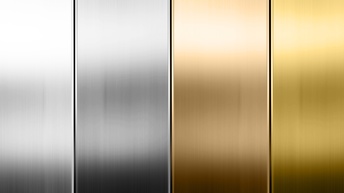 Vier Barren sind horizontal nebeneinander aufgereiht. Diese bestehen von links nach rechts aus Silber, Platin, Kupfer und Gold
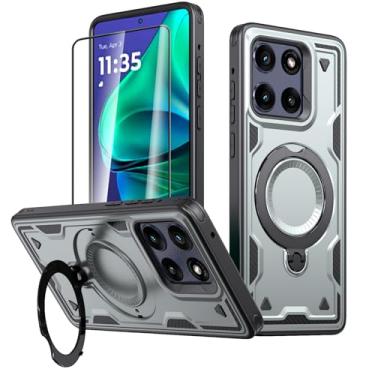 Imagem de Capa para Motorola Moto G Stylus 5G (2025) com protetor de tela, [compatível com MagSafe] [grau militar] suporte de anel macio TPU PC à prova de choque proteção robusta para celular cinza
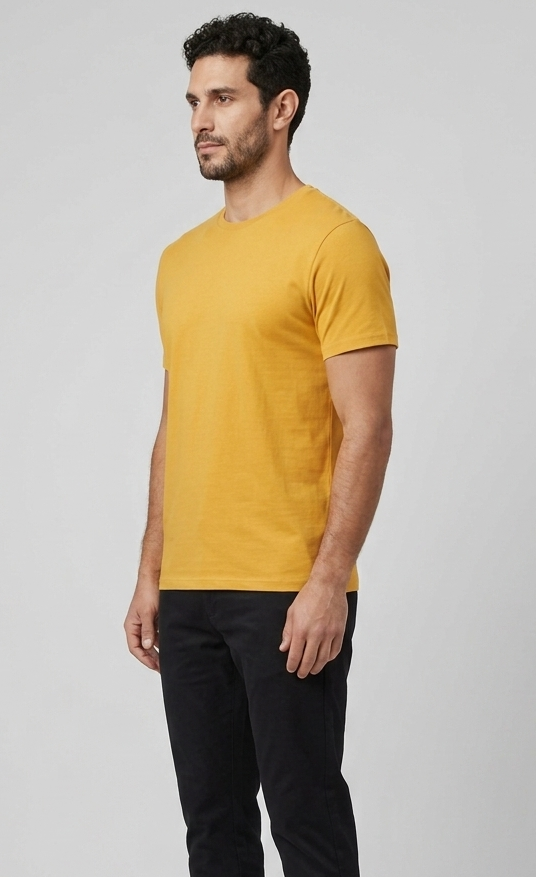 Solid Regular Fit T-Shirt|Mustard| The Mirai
--
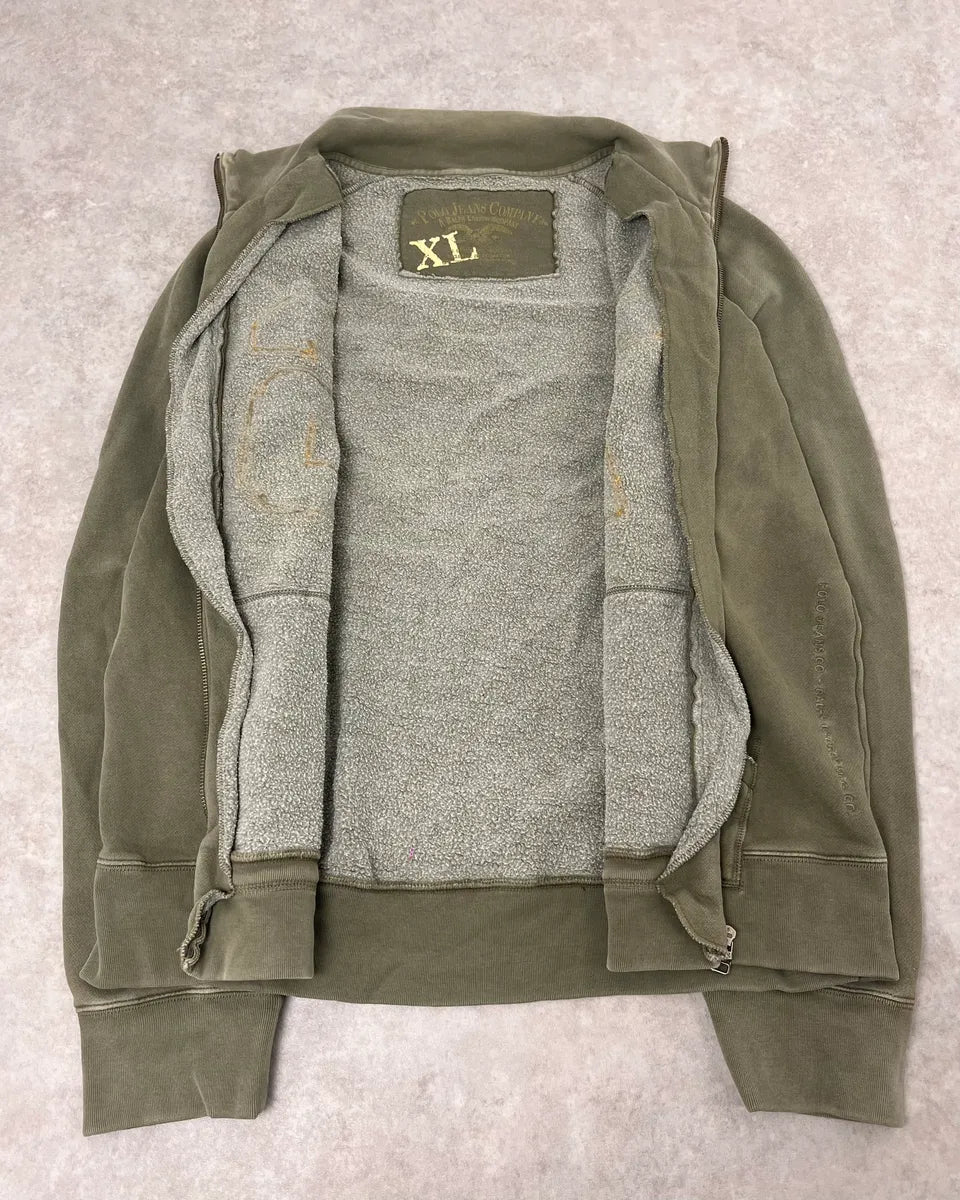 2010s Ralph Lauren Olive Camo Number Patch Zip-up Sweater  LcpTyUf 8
==
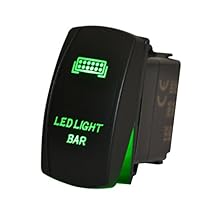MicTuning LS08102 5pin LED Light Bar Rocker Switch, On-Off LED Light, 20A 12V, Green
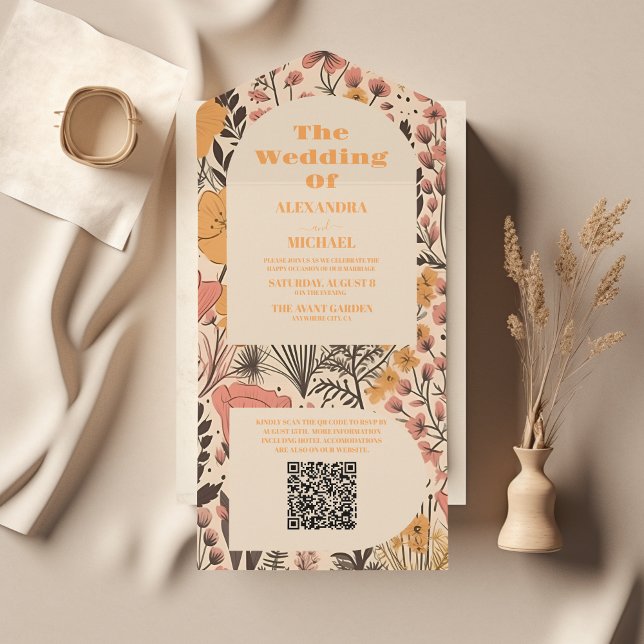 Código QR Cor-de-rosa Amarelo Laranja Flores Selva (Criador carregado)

=== Requirement ===
Take the material above from the line containing "Vier Barren sind" up to and including the line containing "Solid Regular Fit T-Shirt|Mustard| The Mirai" and retype it exactly, without any pictures.

=== Answer to this problem ===
 Vier Barren sind horizontal nebeneinander aufgereiht. Diese bestehen von links nach rechts aus Silber, Platin, Kupfer und Gold
 Imagem de Capa para Motorola Moto G Stylus 5G (2025) com protetor de tela, [compatível com MagSafe] [grau militar] suporte de anel macio TPU PC à prova de choque proteção robusta para celular cinza
 Solid Regular Fit T-Shirt|Mustard| The Mirai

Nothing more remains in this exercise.